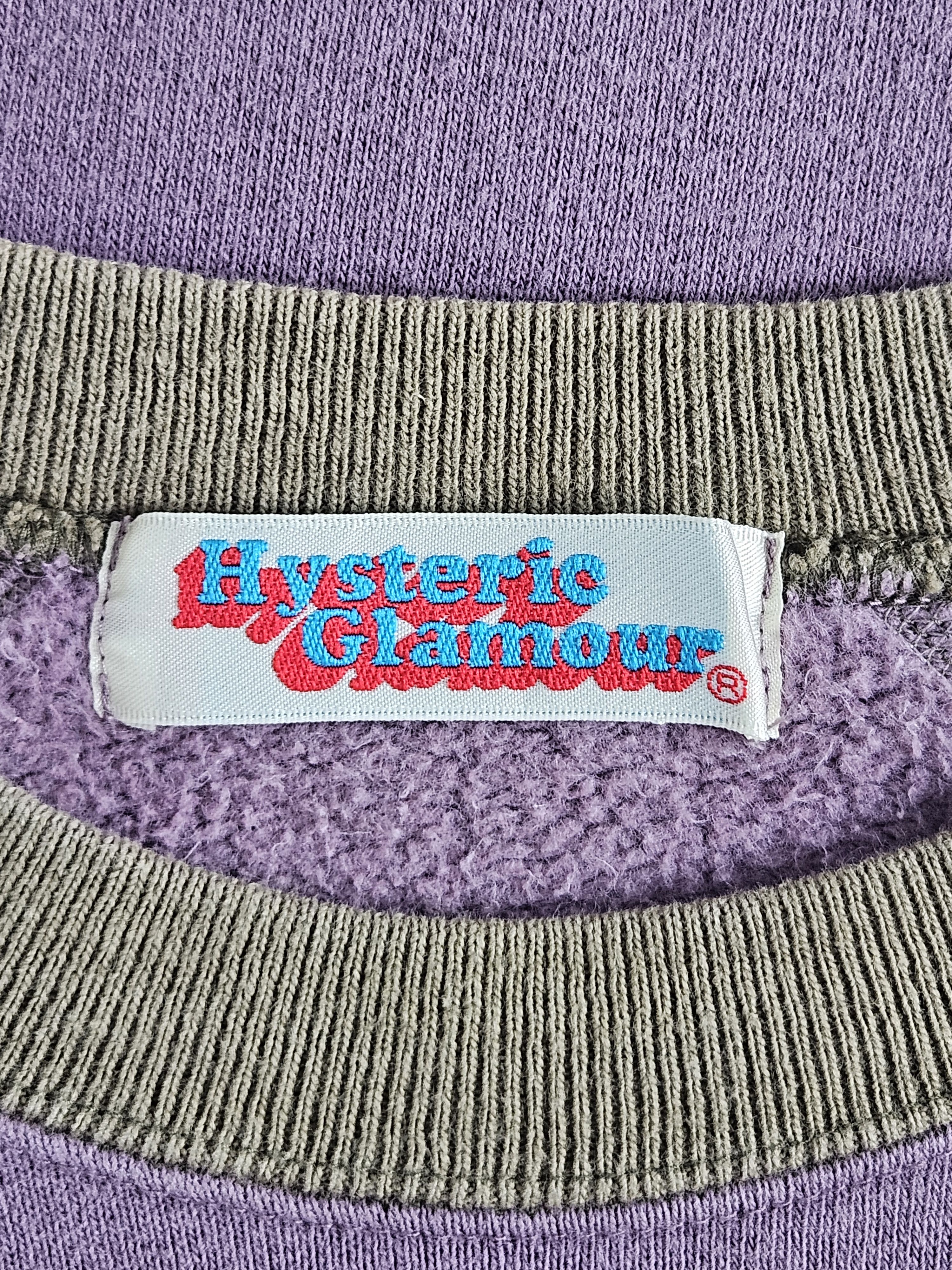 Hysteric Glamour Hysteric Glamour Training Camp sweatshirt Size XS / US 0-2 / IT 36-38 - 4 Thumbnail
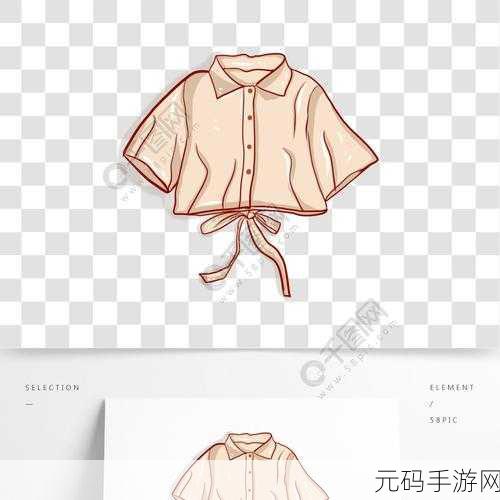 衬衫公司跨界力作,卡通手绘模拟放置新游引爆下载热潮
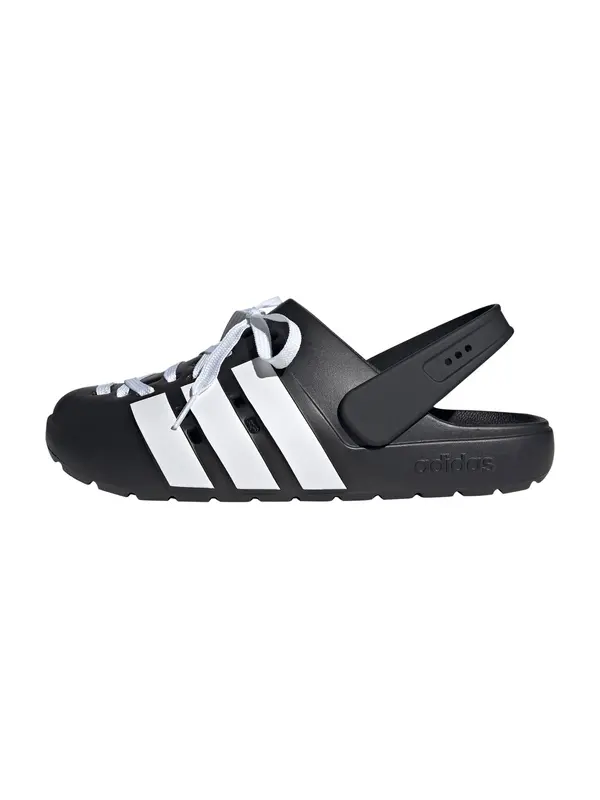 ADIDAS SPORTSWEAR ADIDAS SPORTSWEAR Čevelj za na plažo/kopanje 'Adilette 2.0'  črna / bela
________________________
**Task to carry out**: Would you give the data above again word for word, minus the pictures?

**Task solution**:
 Hysteric Glamour Hysteric Glamour Training Camp sweatshirt Size XS / US 0-2 / IT 36-38 - 4 Thumbnail
 衬衫公司跨界力作,卡通手绘模拟放置新游引爆下载热潮
 ADIDAS SPORTSWEAR ADIDAS SPORTSWEAR Čevelj za na plažo/kopanje 'Adilette 2.0'  črna / bela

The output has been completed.